• Problem description:
Exactly and only the lines below from the one containing "Wholesale Jewelry Streetwear" down to the one containing "JACK & JONES Pulover JORSALAMANCO temno rjava" are wanted, both included; please exclude every picture.

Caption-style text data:

==*==

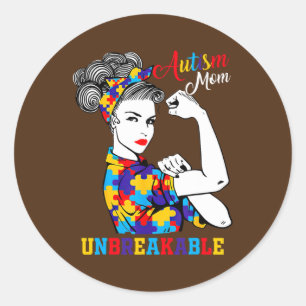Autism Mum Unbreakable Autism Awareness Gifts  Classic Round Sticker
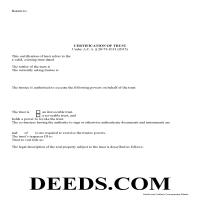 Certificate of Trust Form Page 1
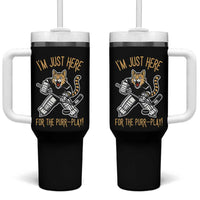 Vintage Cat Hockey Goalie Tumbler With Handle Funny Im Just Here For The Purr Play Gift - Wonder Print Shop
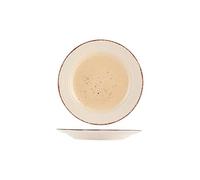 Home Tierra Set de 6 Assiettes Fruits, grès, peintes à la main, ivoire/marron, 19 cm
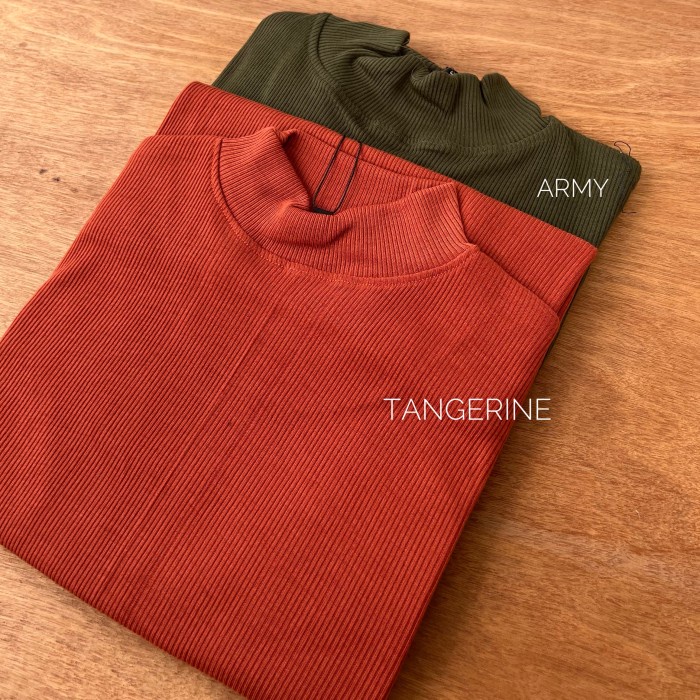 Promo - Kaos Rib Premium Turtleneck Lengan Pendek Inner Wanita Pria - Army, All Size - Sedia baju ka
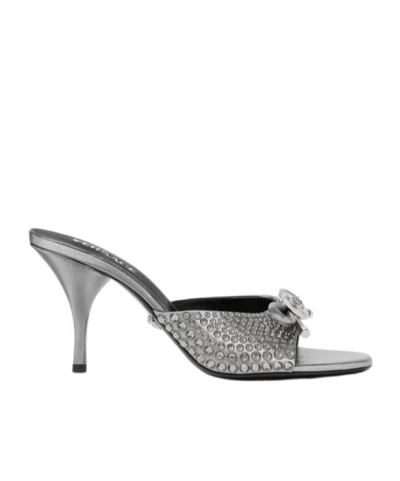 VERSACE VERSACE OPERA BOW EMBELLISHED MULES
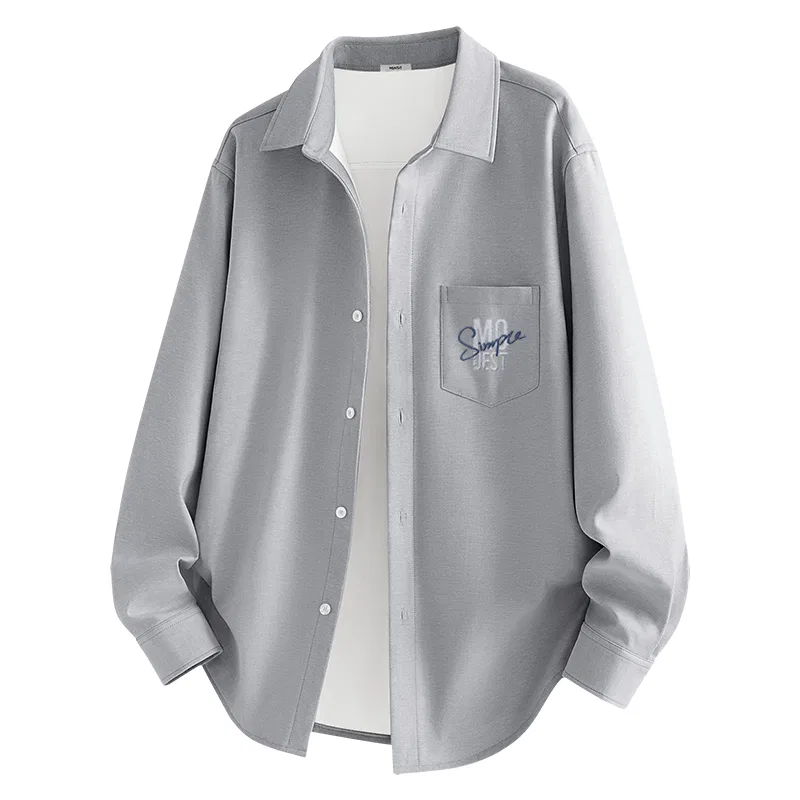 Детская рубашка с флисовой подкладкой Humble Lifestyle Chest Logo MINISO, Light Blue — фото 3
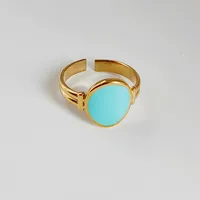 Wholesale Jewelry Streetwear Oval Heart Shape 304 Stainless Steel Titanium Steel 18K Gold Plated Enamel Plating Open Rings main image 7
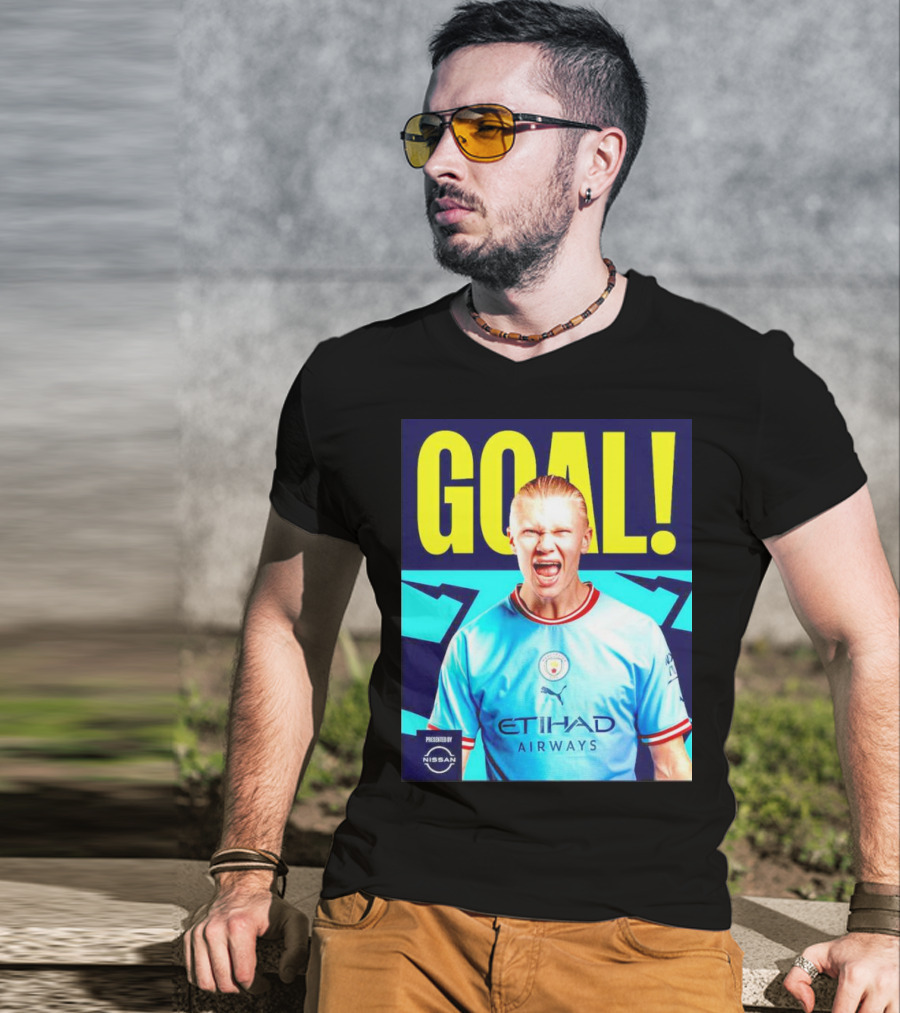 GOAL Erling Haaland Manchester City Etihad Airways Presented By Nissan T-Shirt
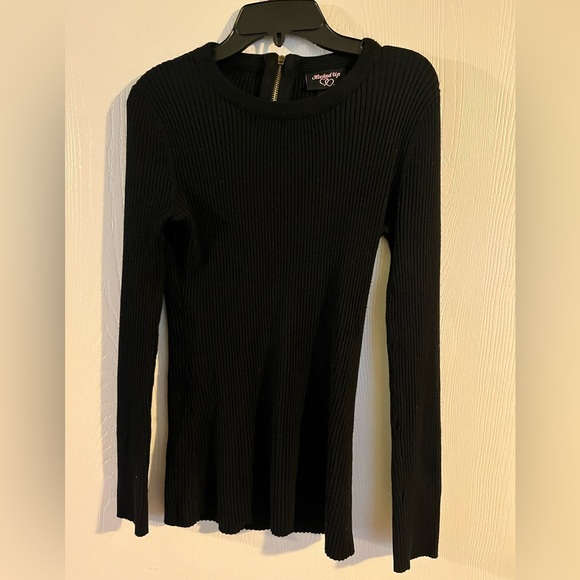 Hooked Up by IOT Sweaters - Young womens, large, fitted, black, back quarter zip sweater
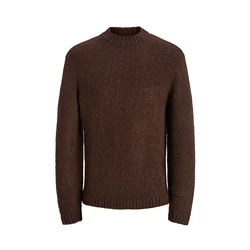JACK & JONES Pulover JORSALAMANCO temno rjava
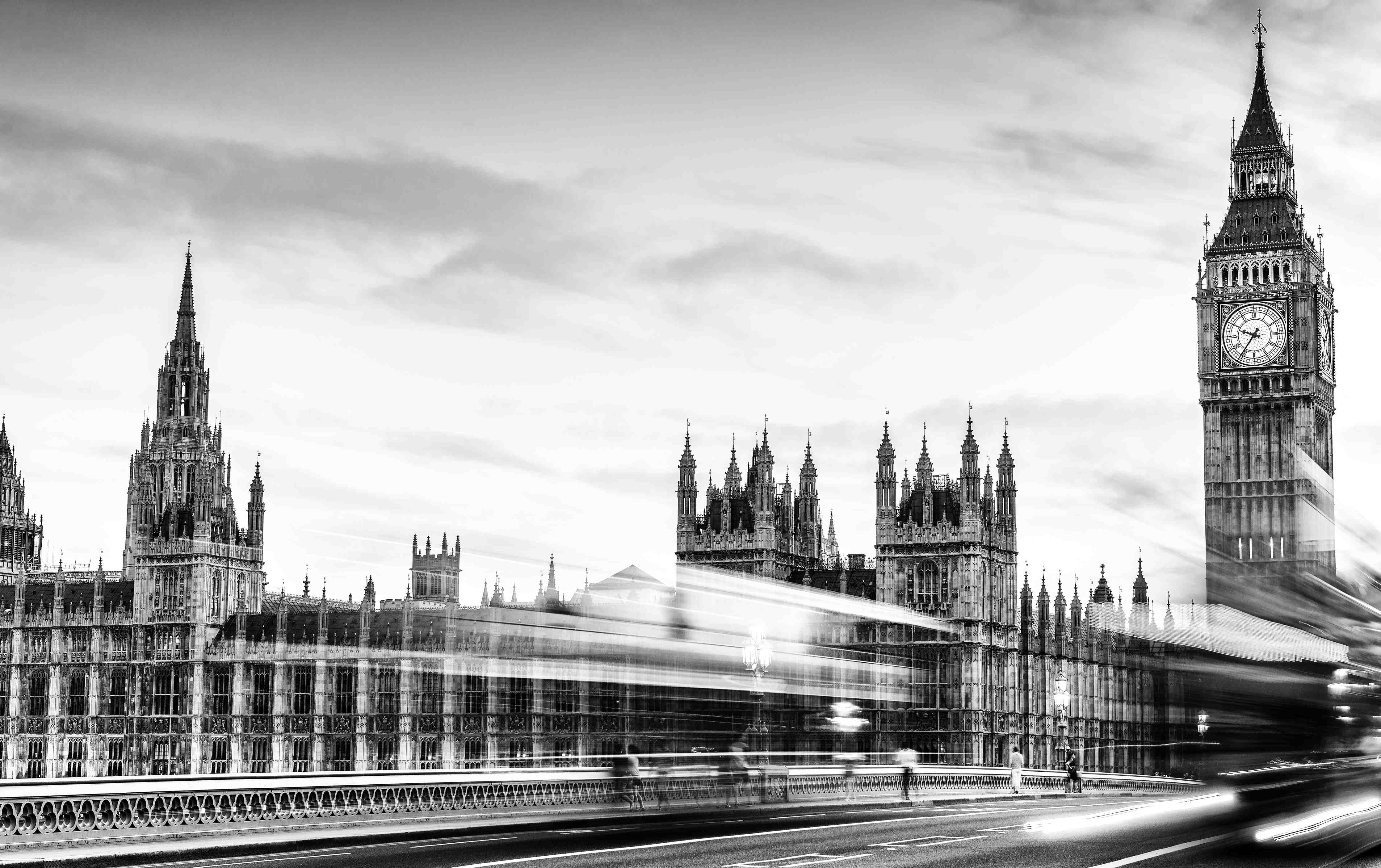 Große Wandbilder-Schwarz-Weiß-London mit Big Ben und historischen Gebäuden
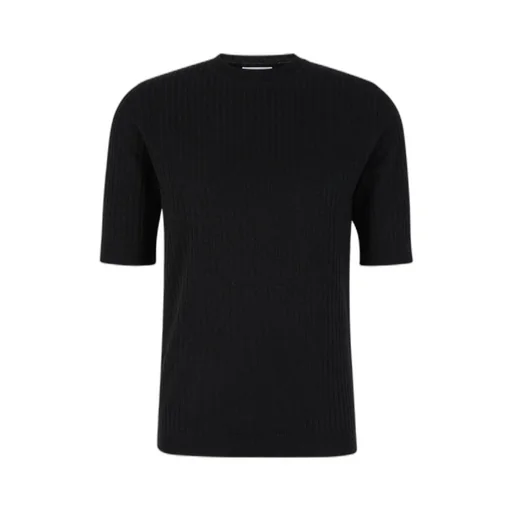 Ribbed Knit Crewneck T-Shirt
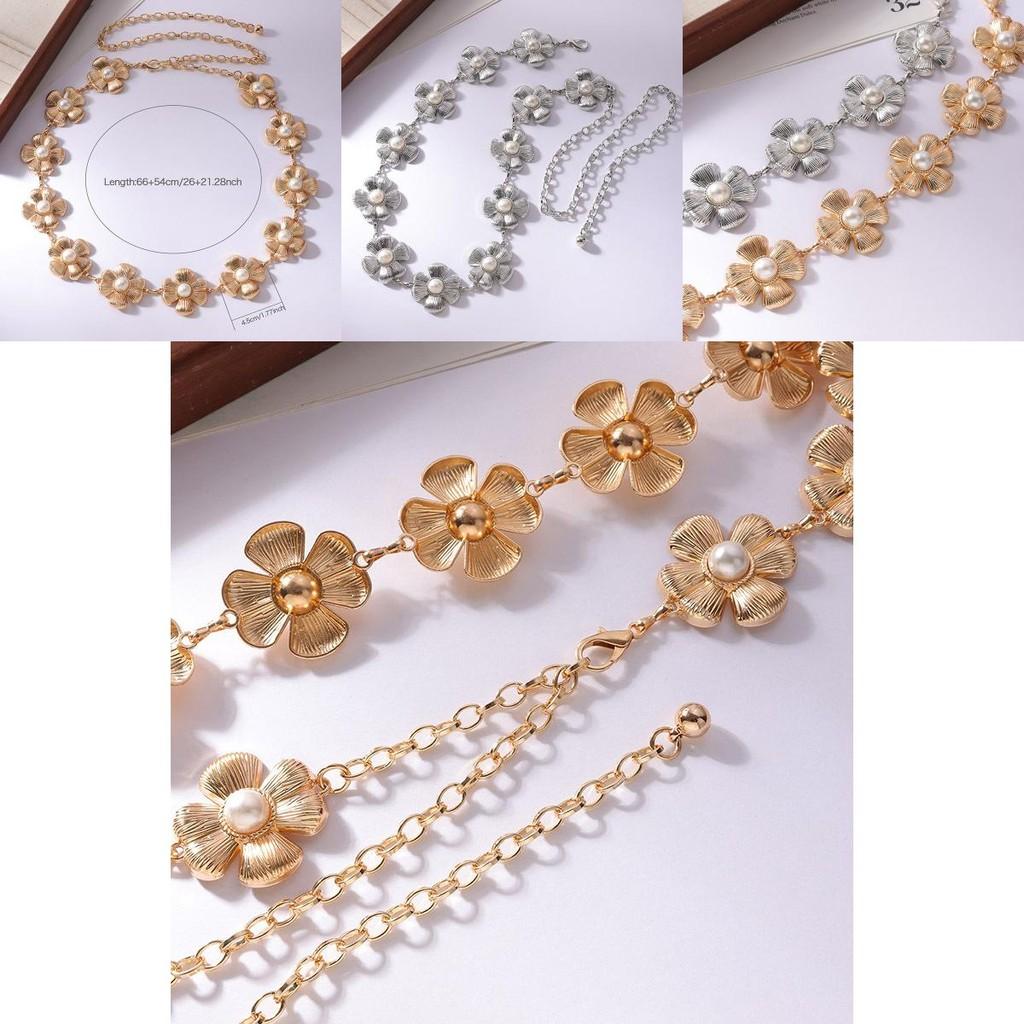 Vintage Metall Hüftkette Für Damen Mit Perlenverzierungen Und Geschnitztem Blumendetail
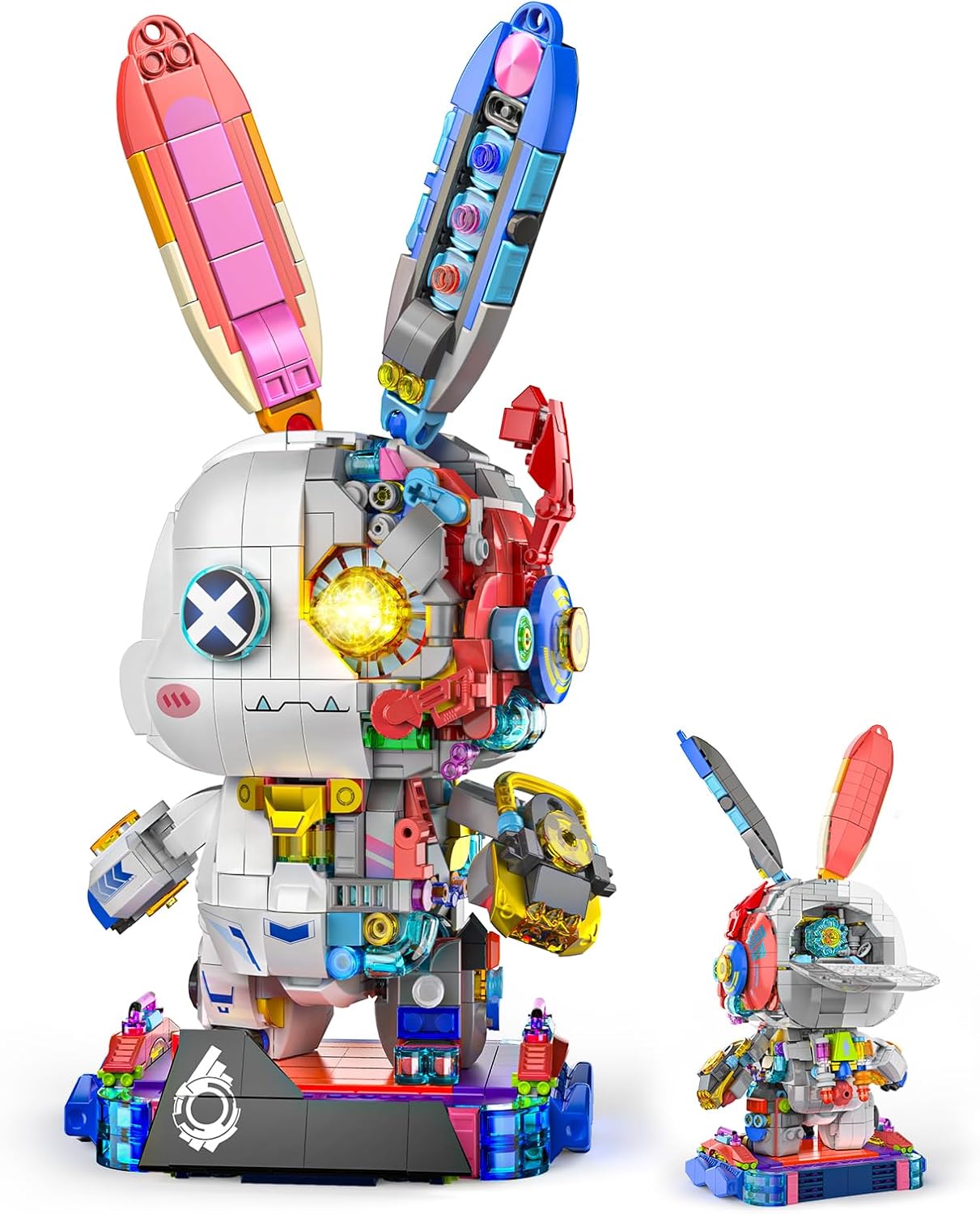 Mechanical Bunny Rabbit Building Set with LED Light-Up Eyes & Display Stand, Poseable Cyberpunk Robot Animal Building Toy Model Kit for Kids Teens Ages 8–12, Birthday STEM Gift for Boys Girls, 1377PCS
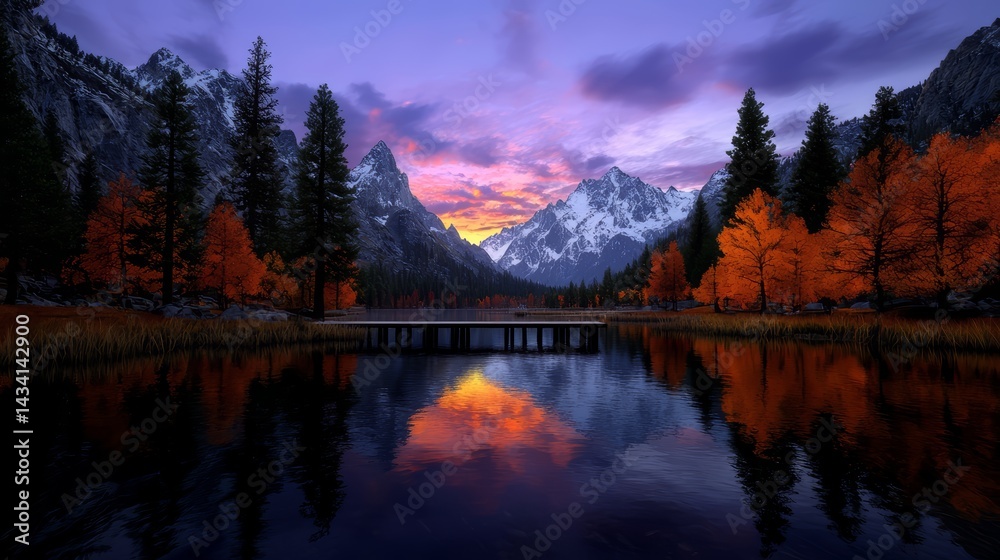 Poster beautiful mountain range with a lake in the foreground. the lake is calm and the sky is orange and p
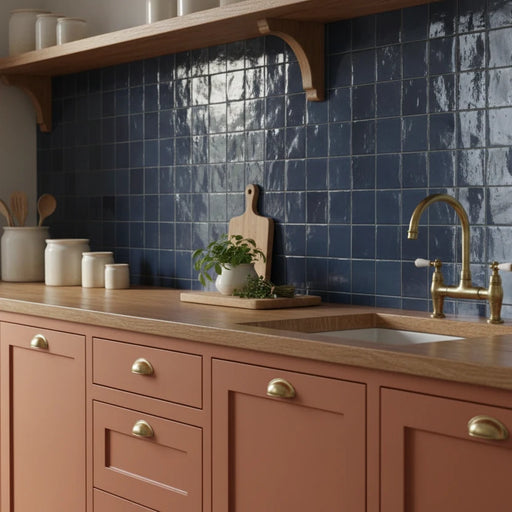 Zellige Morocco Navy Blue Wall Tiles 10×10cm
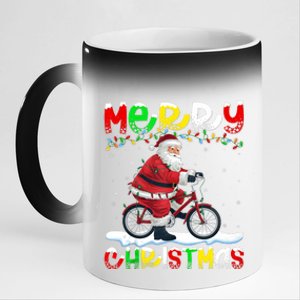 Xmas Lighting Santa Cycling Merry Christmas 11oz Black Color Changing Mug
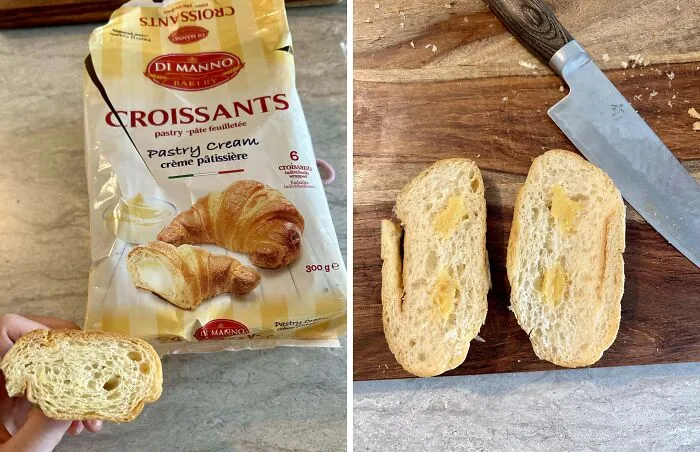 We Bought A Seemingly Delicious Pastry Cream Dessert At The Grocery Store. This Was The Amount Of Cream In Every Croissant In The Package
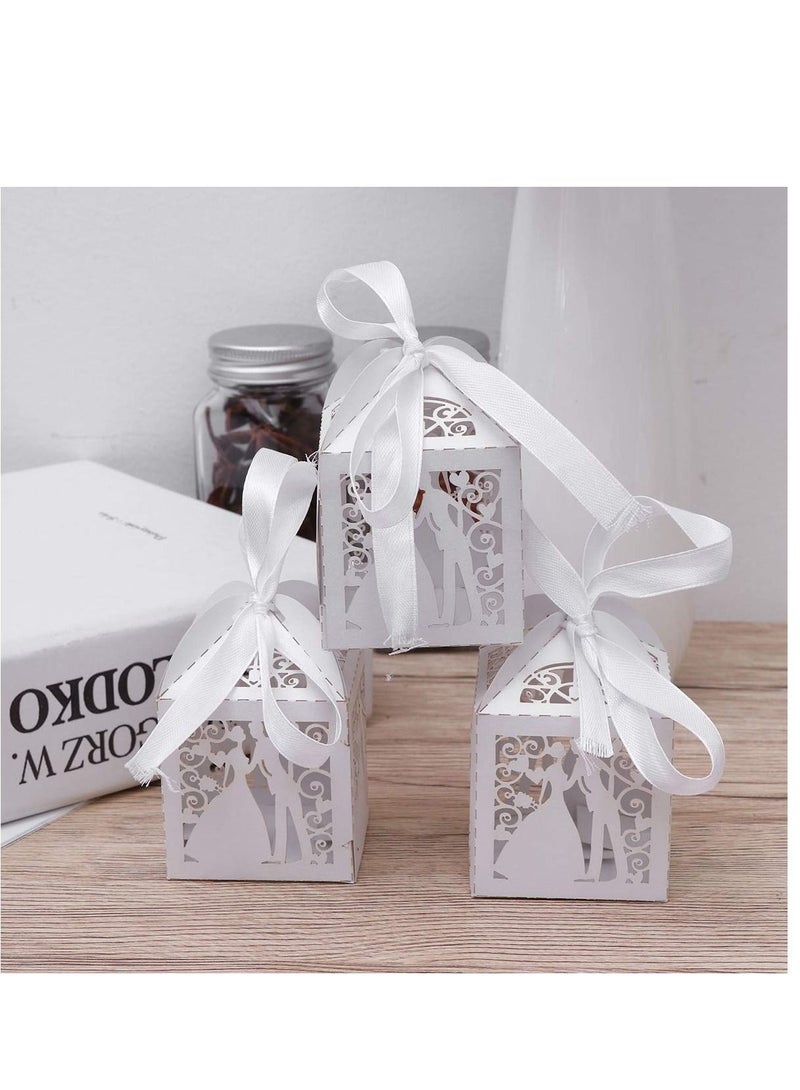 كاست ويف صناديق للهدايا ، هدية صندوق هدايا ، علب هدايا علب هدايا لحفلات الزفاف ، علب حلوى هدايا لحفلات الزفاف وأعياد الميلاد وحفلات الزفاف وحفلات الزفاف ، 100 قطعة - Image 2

==*==

• Task output:
 Wholesale Jewelry Streetwear Oval Heart Shape 304 Stainless Steel Titanium Steel 18K Gold Plated Enamel Plating Open Rings main image 7
 GOAL Erling Haaland Manchester City Etihad Airways Presented By Nissan T-Shirt
 Hooked Up by IOT Sweaters - Young womens, large, fitted, black, back quarter zip sweater
JACK & JONES Pulover JORSALAMANCO temno rjava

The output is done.